O anda yüzümde hafif bir gülümseme belirdiğinden emindim.Beni görünce o da gülümsedi.O sırada içeri doktor girdi.Dinlenmem için yalnız kalmam gerekiyormuş. Adam anlayış gösterip odadan çıktı.Doktor da ilaçlarımı verip çıkınca tek çare olarak uyumak zorunda kaldım.

Uyandığımda başımda kavga eden Faye ve Maggie vardı.Ellerinde de bana ait olan kıyafetler vardı.Sanırım eve gidip dolabımdan almışlardı.Kavga etttikleri konuysa benim hangi kıyafeti giyeceğim idi. Benim uyandığımı hala görmemişlerdi.

Faye elinde ki kıyafetleri sallayıp;

"Elindeki kıyafetleri Hanna'nın dolabına geri götürsen iyi olur çünkü bunları giyecek" diyordu.

Maggie;

"Esas sen onları götür.Hanna benim elimdeki bu bembeyaz şortu ve atleti giyecek" dedi

Resmen hangi kıyafeti giyeceğim ile ilgili birbirlerine laf atıyorlardı.

Faye boş durmayıp hemen Maggie'ye cevap verdi "Sence Adam Hanna'ya o elindeki kıyafetleri giymesi için izin verir mi?! Hiç sanmıyorum.O yüzden Hanna benim elimdeki siyah yırtık dar pantolonla siyah atleti ve bu topuklu ayakkabıları giyecek" dedi.

Kafamı kaldırıp baktım.Uyandığımı belli etme zamanı geldi "O siyah topuklular benim değil ki!" diye konuya atladım.

"Zaten o ayakkabılar benim.Bak giymene izin veriyorum değerini bil" dedi gülerek.

Maggie en sonunda pes etti ve elindeki kıyafetleri koltuğa bırakıp dışarı erkeklerin yanına gitti. Faye kısa ve komik zafer dansını yaptıktan sonra giyinmeme yardımcı oldu.

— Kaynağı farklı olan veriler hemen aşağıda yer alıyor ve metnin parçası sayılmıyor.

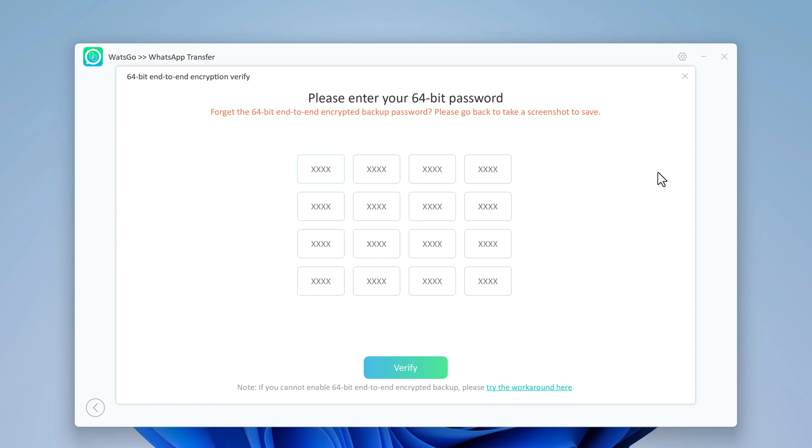After WhatsApp backup has been generated, you need to verify the 64-bit encrypted backup with password.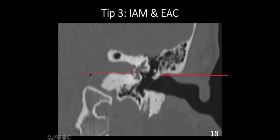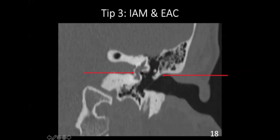The floor of the internal auditory meatus is exactly at the same level as the roof of the external auditory canal. This particular plane is very, very important. Going from outside to inside, one important structure is the lateral attic wall — this is one of the first structures which gets destroyed in cholesteatoma. Also at this level, the horizontal portion of the facial nerve is present — below the lateral semicircular canal, as you can see here.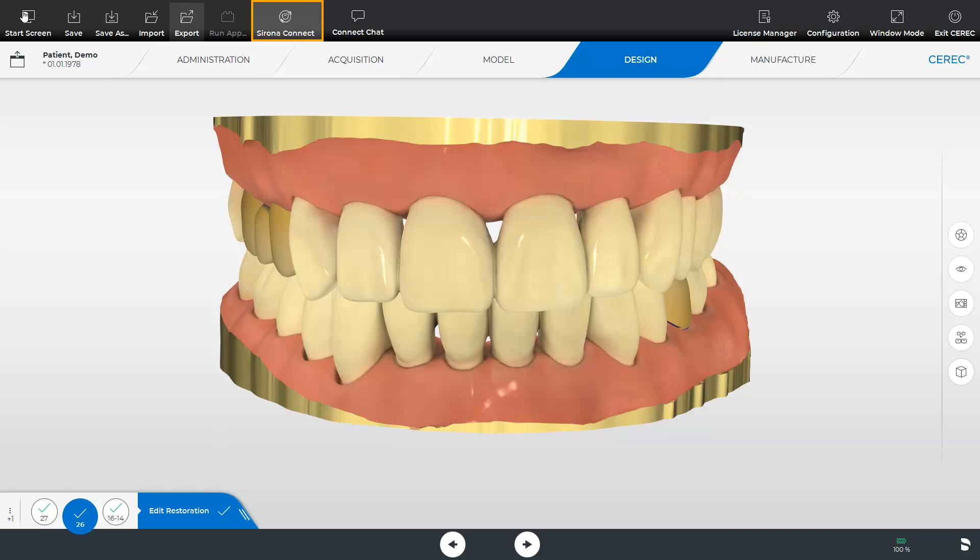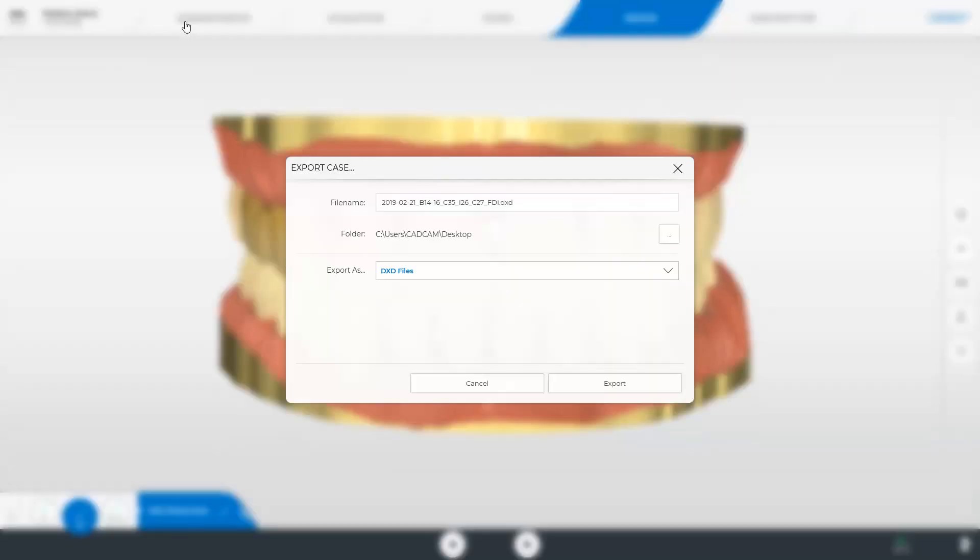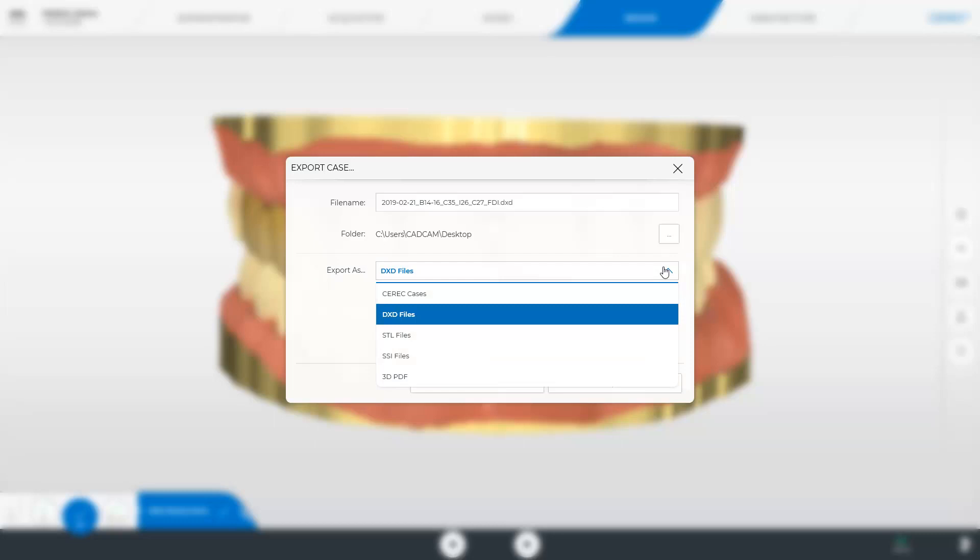When opening the data with any other lab software, only the model information is available. Next, we select the export option once again. After opening the drop-down menu, the same export formats as in the model phase are available. The only difference is that from this phase, exported DXD data will also include the restoration data, in addition to the model data.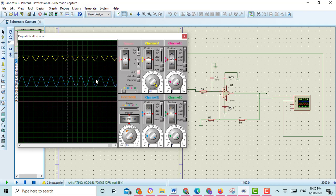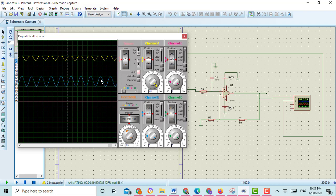Here you can see the input graph is covering two boxes in channel B. In channel B, the probe is set at five volt per division. The signal covers two boxes, so if we want to calculate the input voltage, we multiply five with two - the input voltage is ten volt.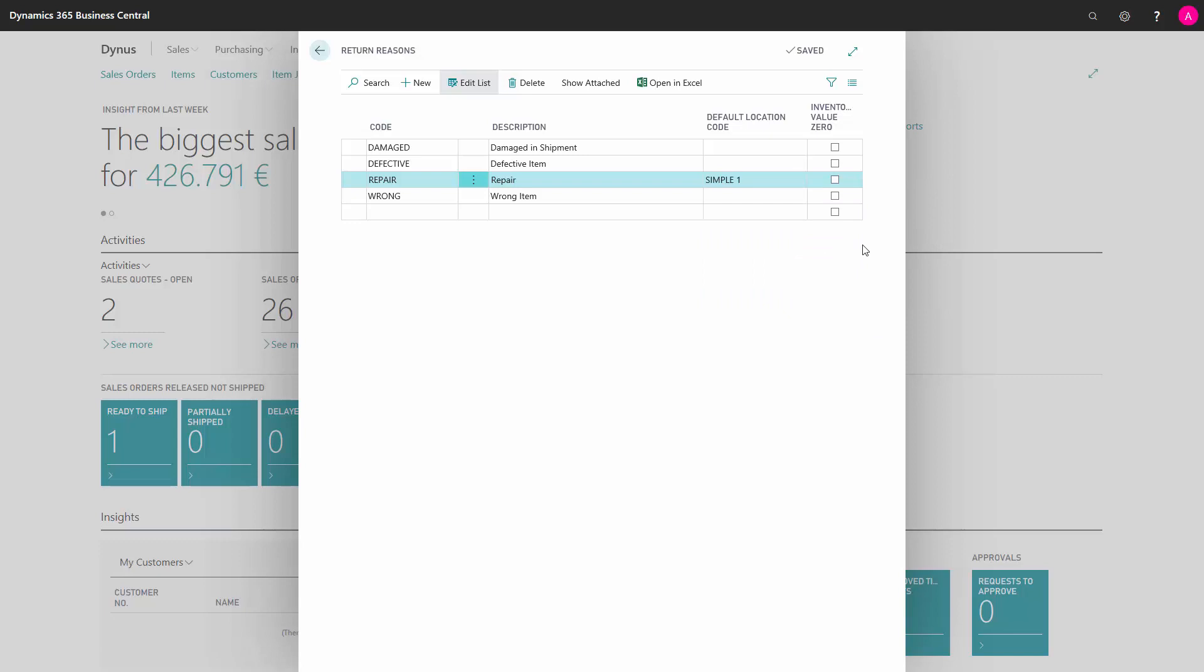We can indicate if there should be no increase in inventory value when the item is returned. We do this by marking inventory value zero.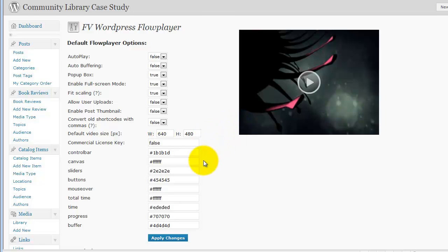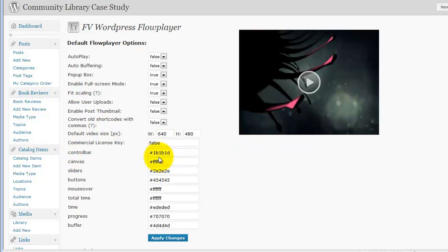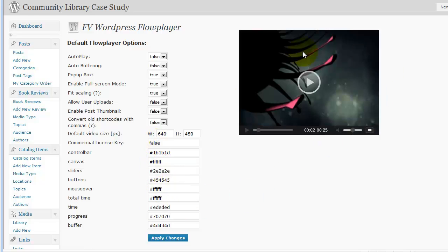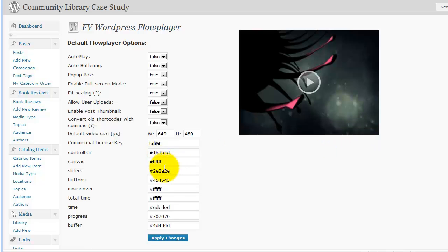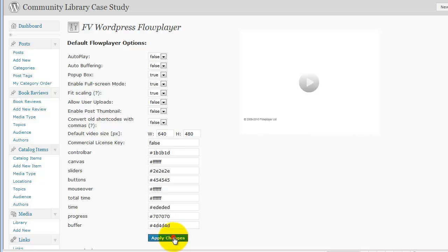In the absence of that, if you're using the free version of Flowplayer which is bundled with this, you can still change your player colors by changing colors here. And so this is essentially what these are. These are just colors that affect the player. Now if you have a commercial version, you know that you can radically alter the appearance of the player with that commercial version, but that's way beyond the scope of this conversation.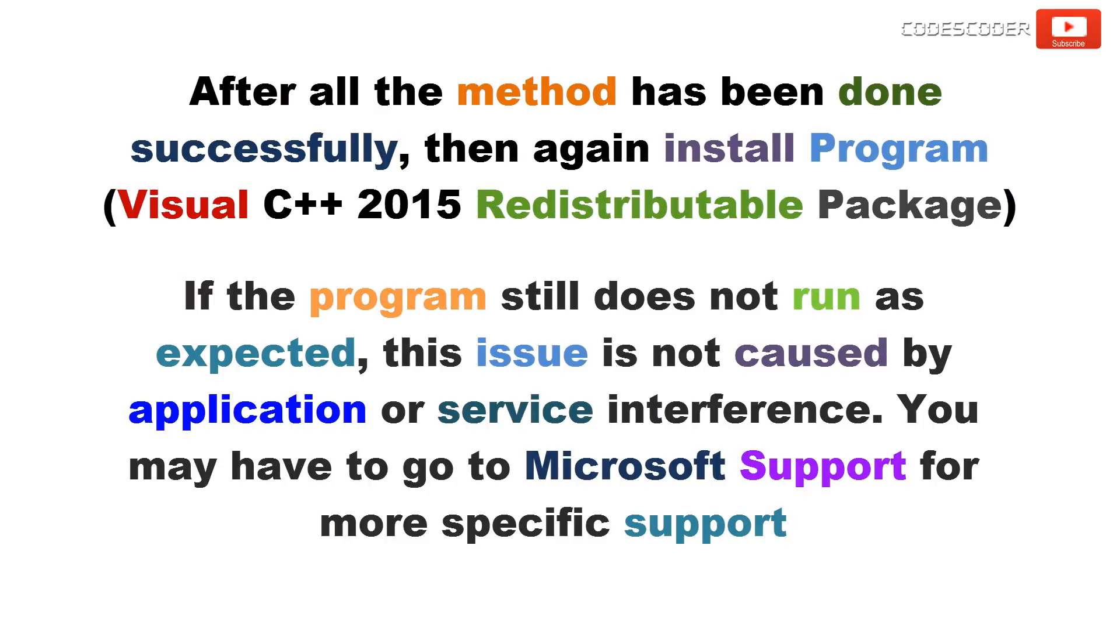After all the methods have been done successfully, then again install the program.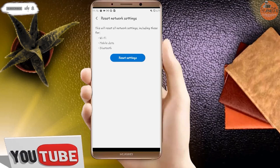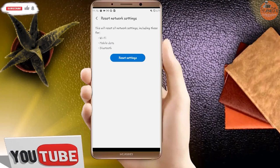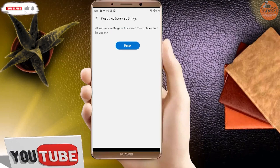Here you will see a message saying this will reset all network settings, including those for Wi-Fi, mobile data, and Bluetooth. Tap on 'Reset Settings' to confirm, then tap Reset again.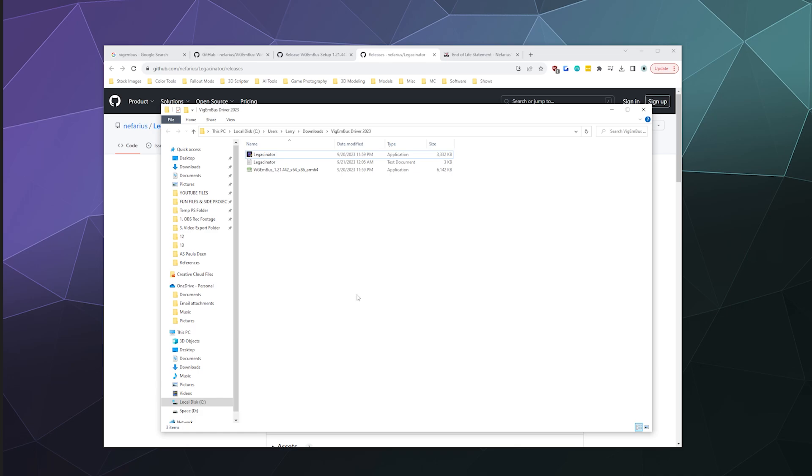So that's it for this one, ladies and gentlemen. I've been your host Larry. Don't forget to like and subscribe. This has been how to remove ViGEmBus, how to install ViGEmBus, and how to run the Legasinator to remove the auto-updating feature. So I hope you found that helpful. I've been your host Larry. Don't forget to like and subscribe and I'll catch you next time. Bye everybody and have a good one.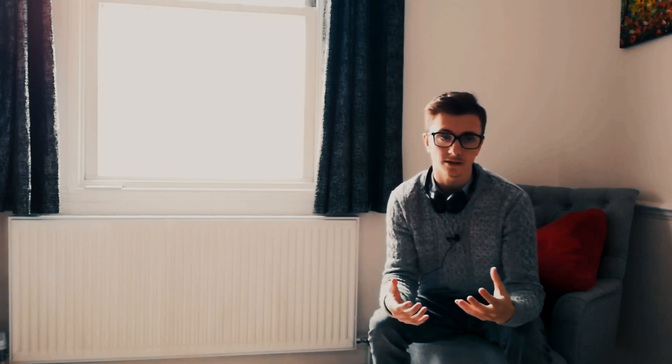This was before eLearnSecurity got bought or partnered with INE, which is the parent company of eLearnSecurity. So I didn't have access to the abundance of information available now with the yearly pass. I literally just spent $200, got the content for PTS — Penetration Testing Student — which is the course for EJPT, and that was all I got.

Odadan dışarı çıktıktan sonra Adam yanıma geldi ve tüm grup hastaneden çıkmak için yürümeye başladık.Benim arada başım döndüğü için Adam koluna sarılıp yürüyordum.Adam'da bunu fark etmiş olmalı çünkü o da belimden beni tutuyordu.Zaten şuan bu topuklularla zar zor yürüyordum.En sonunda arabanın oraya geldik.Yoldayken benim evime gitmediğimizi fark ettim.

"Nereye gidiyoruz?" diye sordum

"Benim evime gidiyoruz" diye cevap verdi Maggie.